Mao Tse Tung himself probably didn’t know that the dissidents who accepted his 1956 invitation to critique China’s communist regime would come to a bad end. His 100 Flowers Campaign started out as a way to germinate ideas for a better China and reunite disenfranchised intellectuals and free thinkers with their government.

It succeeded in that regard if condemning people to prison labor camps can be considered a reunification with the government. But it’s how they got there that is important to us. These dissidents joined China’s prison labor force by putting their private ideas into public view.

The threat of putting private information — no matter how well masked — in “public view” along with the modern potential to analyze data has some concerned that Bitcoin and blockchain are vulnerable. Blockchain analysis, such as that proposed in Amazon’s recent patent application, has the potential to erode privacy in big ways, and Edward Snowden underscored this weakness recently when he said that Bitcoin’s open ledger, not fees or speed, is its biggest flaw.

As we’ve mentioned before, the first half of cryptocurrency literally means “secret.” So it’s clear the early movers in this space meant for privacy to be primary. We know this vulnerability is real, but as we’ve seen over and over with cryptocurrency, the things of this space — whether the actual blockchain, the network, the miners, the developers or the community that argues the finer points night and day — this place adapts and evolves in response to any threat. 

At Crypto.IQ, we’re seeing a coming together of public thought about privacy rights and this evolution, and we believe it bodes well for the future of the space. People are paying attention to their privacy like never before. List a few corporations — Cambridge Analytica, Facebook, Google, Target, Home Depot, Equifax — and most will right away know the topic is privacy. The news is filled with stories about corporate and governmental intrusion into their personal lives with data collection that, at best, is used against them in marketing. At worst, it could eventually look more like Mao. 

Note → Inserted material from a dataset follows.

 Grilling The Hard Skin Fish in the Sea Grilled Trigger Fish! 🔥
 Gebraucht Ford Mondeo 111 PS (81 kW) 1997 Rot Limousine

This is especially important in the cryptocurrency realm, where much more than money will someday ride the blockchain. Experts expect the technology to revolutionize communications, how governments and private entities store every kind of record, and countless other uses that convey and store data any sane person would want kept private.

A common misconception in the public discussion on privacy is that, at least when it comes to government surveillance, if you have nothing to hide, you have nothing to fear. And there are many examples of this being correct — until it isn’t.

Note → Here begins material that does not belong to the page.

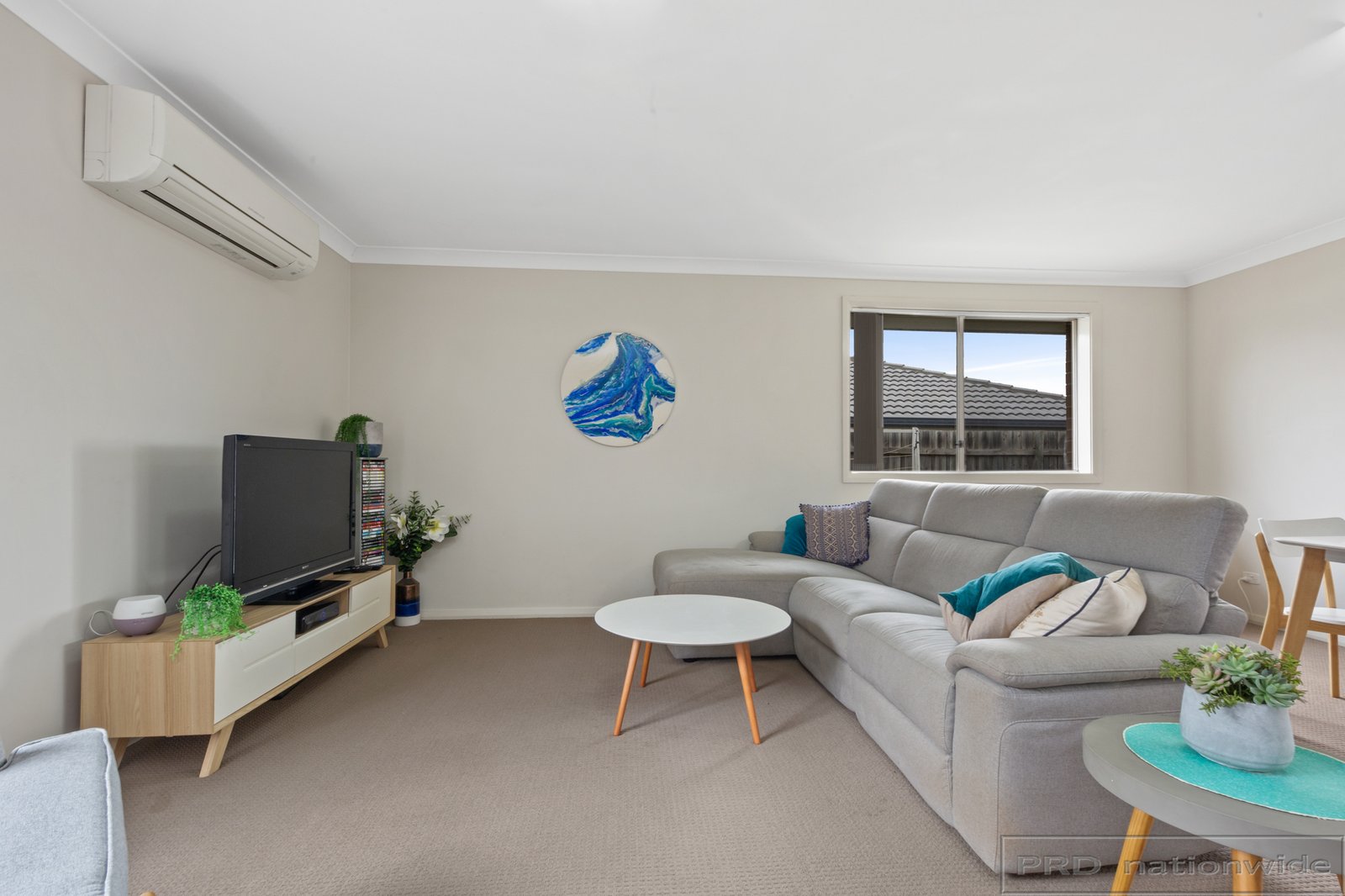 86 McKeachie Drive ABERGLASSLYN 3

Our advice at Crypto.IQ, if you want your transactions private, is to take matters into your own hands. It’s yet another aspect of the personal responsibility that is so much a part of crypto and, we believe, life in general. For whatever reason you want to keep a transaction private, and there are plenty of legal ones, there are steps you can take to ensure that. You can also move money from Bitcoin to Monero to take advantage of its powerful privacy features.

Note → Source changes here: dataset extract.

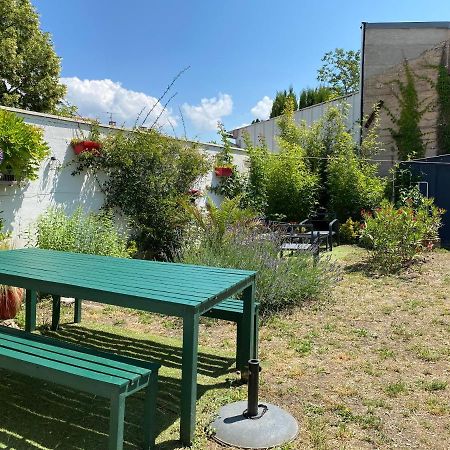 Cote Court Bed & Breakfast LʼIsle-sur-la-Sorgue Exterior foto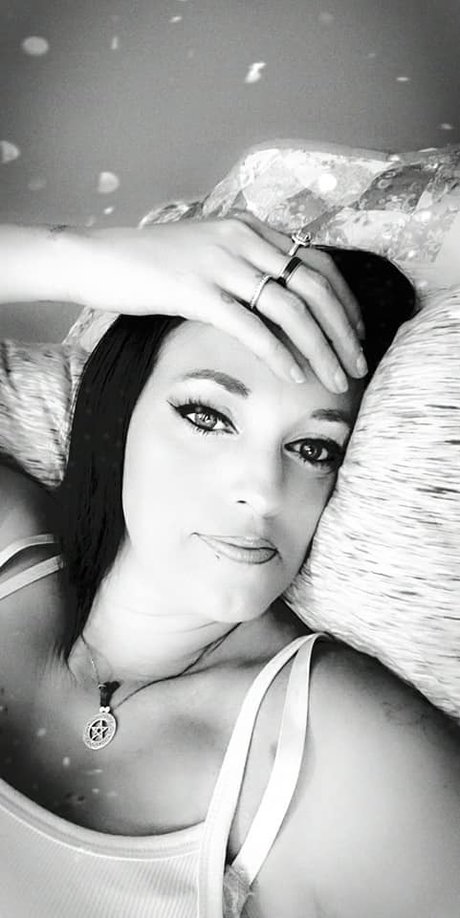 plage seins nus onlyfans haute qualité sympa photo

That the Chinese dissidents had publicly attached their names to their ideas just made rounding them up that much easier. And that’s why Mao’s treachery is a cautionary tale for those who would say they have “nothing to hide,” that everything they do is legal. It’s an argument for privacy that’s difficult to counter because history tells us that rulers sometimes change their rules retroactively, as Mao did a year after launching 100 Flowers.